A possibilidade de o país voltar a sofrer uma crise no balanço de pagamentos foi introduzida na agenda oficial em 6 de março, durante reunião do presidente Luiz Inácio Lula da Silva, no Palácio do Planalto, com o professor Luiz Gonzaga Belluzzo, da Unicamp, o ex-ministro Delfim Netto, o senador Aloísio Mercadante (PT-SP), o ministro da Fazenda, Guido Mantega, e o presidente do Banco Central, Henrique Meirelles.
No encontro, Delfim e Belluzzo advertiram que, mantido o atual curso da economia, com o dólar se desvalorizando e o risco de queda abrupta nos preços das commodities, se nada for feito, o Brasil pode chegar a 2010, ano da campanha sucessória, com o país tendo reconstruído um naco de dependência e, portanto, a vulnerabilidade externa.
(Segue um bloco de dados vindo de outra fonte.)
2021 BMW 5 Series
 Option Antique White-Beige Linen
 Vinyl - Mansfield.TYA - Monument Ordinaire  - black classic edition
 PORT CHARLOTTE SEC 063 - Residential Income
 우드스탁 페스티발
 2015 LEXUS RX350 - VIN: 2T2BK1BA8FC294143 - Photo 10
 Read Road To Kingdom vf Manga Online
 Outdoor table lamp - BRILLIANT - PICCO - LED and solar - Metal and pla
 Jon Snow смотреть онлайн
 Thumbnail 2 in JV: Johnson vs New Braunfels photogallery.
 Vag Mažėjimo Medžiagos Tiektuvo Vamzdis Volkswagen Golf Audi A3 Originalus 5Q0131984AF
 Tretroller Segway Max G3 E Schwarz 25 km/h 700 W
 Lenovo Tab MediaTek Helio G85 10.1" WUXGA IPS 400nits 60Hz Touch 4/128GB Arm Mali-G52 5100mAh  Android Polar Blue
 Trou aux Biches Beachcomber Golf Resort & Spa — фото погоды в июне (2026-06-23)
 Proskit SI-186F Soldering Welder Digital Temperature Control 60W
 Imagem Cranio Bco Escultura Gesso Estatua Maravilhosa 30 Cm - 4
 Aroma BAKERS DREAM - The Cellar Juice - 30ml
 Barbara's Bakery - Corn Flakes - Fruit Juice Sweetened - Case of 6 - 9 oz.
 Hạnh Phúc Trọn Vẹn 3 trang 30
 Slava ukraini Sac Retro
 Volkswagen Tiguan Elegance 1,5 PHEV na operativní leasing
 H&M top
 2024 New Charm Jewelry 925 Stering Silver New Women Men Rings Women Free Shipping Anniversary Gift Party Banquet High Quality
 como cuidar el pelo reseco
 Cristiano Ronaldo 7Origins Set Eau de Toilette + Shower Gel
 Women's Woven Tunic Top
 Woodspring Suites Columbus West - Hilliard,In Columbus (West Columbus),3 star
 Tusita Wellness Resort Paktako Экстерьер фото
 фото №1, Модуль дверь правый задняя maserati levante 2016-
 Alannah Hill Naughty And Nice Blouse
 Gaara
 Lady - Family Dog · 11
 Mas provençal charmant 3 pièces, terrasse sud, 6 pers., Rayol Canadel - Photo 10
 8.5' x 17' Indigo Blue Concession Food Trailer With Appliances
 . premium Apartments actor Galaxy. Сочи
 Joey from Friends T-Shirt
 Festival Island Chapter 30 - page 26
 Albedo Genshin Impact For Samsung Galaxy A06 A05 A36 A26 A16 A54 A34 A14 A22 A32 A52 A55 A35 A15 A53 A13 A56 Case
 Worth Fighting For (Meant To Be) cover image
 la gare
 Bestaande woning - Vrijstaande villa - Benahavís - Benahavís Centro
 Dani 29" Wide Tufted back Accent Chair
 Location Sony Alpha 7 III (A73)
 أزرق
No limite, advertiram os conselheiros de Lula, o governo pode vir a entregar a economia brasileira a seu sucessor com uma situação externa em franca deterioração, numa reprodução do cenário que recebeu de Fernando Henrique Cardoso.
O diagnóstico encorajou a equipe econômica a iniciar um debate sobre eventuais alternativas ao modelo atual, que combina o regime de metas para inflação, o sistema de câmbio flutuante e a geração de superávits primários nas contas públicas. Fontes graduadas revelaram que uma das possibilidades em análise seria o Brasil vir a adotar um regime de metas para o câmbio, com a desvalorização forçada do real até um patamar a partir do qual haveria um piso. Este seria um piso informal, não anunciado ao público, num sistema de grande semelhança ao que Coréia, Japão e outros asiáticos já fazem há pelo menos uns 30 anos.
Não há qualquer decisão sobre esse tema e o presidente Lula não abençoou, pelo menos não ainda, idéias nesse sentido, mas um ministro informou que o "debate está sendo levado por Mantega ao Planalto".
Menos de uma semana depois da reunião com Delfim e Belluzzo, o Ministério da Fazenda anunciou medidas para conter a apreciação do real. Em geral, as iniciativas foram consideradas inócuas tanto pelo mercado quanto por setores do governo. O ministro Guido Mantega afirmou que o modelo de desenvolvimento do país era o da Ásia, onde as principais economias mantêm o câmbio desvalorizado para estimular as exportações.
Alguns dias depois, Mantega tornou pública a intenção de adotar medidas para conter a expansão do crédito, numa tentativa de jogar água fria no aquecimento da demanda e de evitar que o Banco Central, responsável pela administração do regime de metas para a inflação, seja forçado a elevar a taxa Selic. Dois dias depois, apoiado pela ministra-chefe da Casa Civil, Dilma Rousseff, o presidente Lula desautorizou essa idéia, pois uma redução da oferta de crédito afetaria justamente os mais pobres, que estão tendo a oportunidade de consumir bens antes inacessíveis.
Outro aspecto problemático da mesma discussão é a possibilidade de um déficit em transações correntes crescente produzir uma desvalorização cambial importante que também gere pressões inflacionárias. A valorização da taxa de câmbio foi um dos principais atores da política de controle inflacionário dos últimos anos e, agora, não mais se poderia contar com essa contribuição. São esses cenários que orientam o debate econômico no governo, hoje, onde a grande variável para moldar o futuro é a taxa de câmbio. Sabe-se que mudar a política cambial a essa altura pode ser algo desastroso, mas o debate não está censurado.